[AIM OF THE TASK]
A faithful copy of the data, pictures omitted, is the required answer.

(GIVEN MATERIAL Opens)

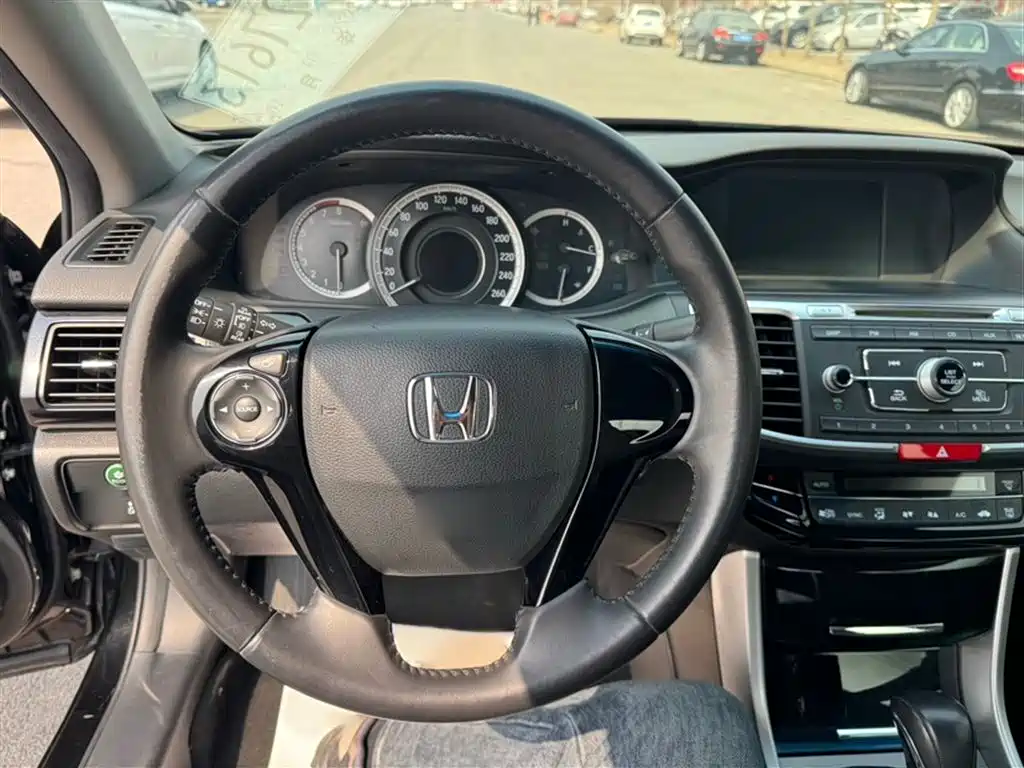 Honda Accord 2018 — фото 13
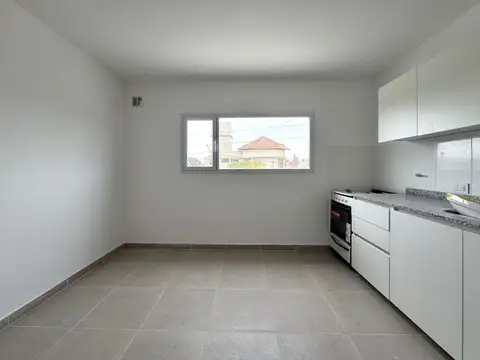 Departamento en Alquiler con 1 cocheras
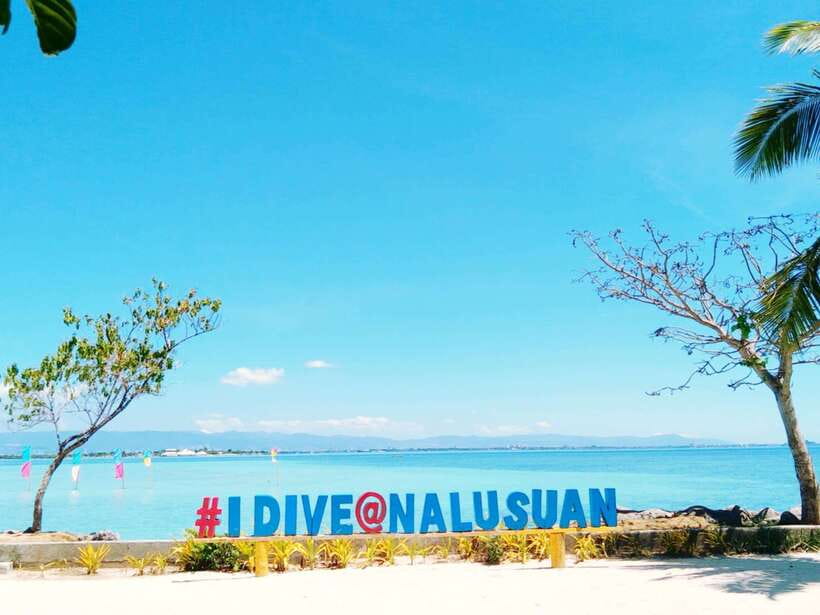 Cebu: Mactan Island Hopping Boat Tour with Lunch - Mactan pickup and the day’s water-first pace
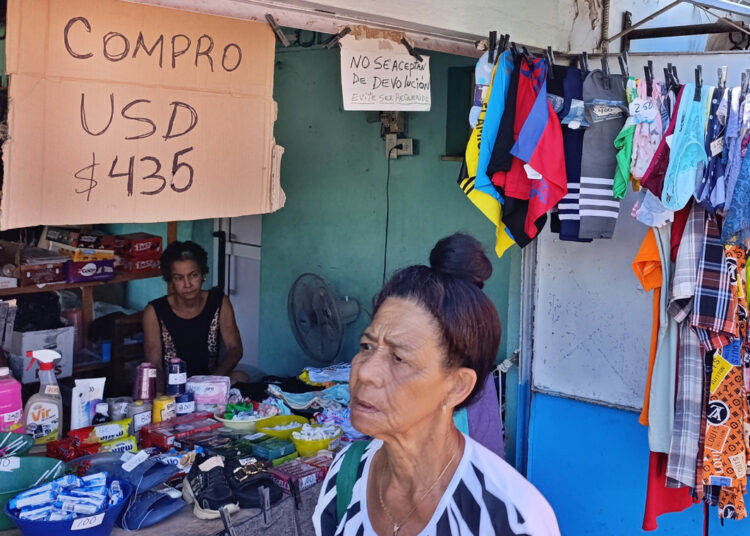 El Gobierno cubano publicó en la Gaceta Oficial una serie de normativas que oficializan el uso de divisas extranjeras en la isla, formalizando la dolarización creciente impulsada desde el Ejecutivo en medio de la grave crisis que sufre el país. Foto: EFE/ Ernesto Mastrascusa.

(GIVEN MATERIAL Closes)

[ANSWER SPACE]
 Honda Accord 2018 — фото 13
 Departamento en Alquiler con 1 cocheras
 Cebu: Mactan Island Hopping Boat Tour with Lunch - Mactan pickup and the day’s water-first pace
 El Gobierno cubano publicó en la Gaceta Oficial una serie de normativas que oficializan el uso de divisas extranjeras en la isla, formalizando la dolarización creciente impulsada desde el Ejecutivo en medio de la grave crisis que sufre el país. Foto: EFE/ Ernesto Mastrascusa.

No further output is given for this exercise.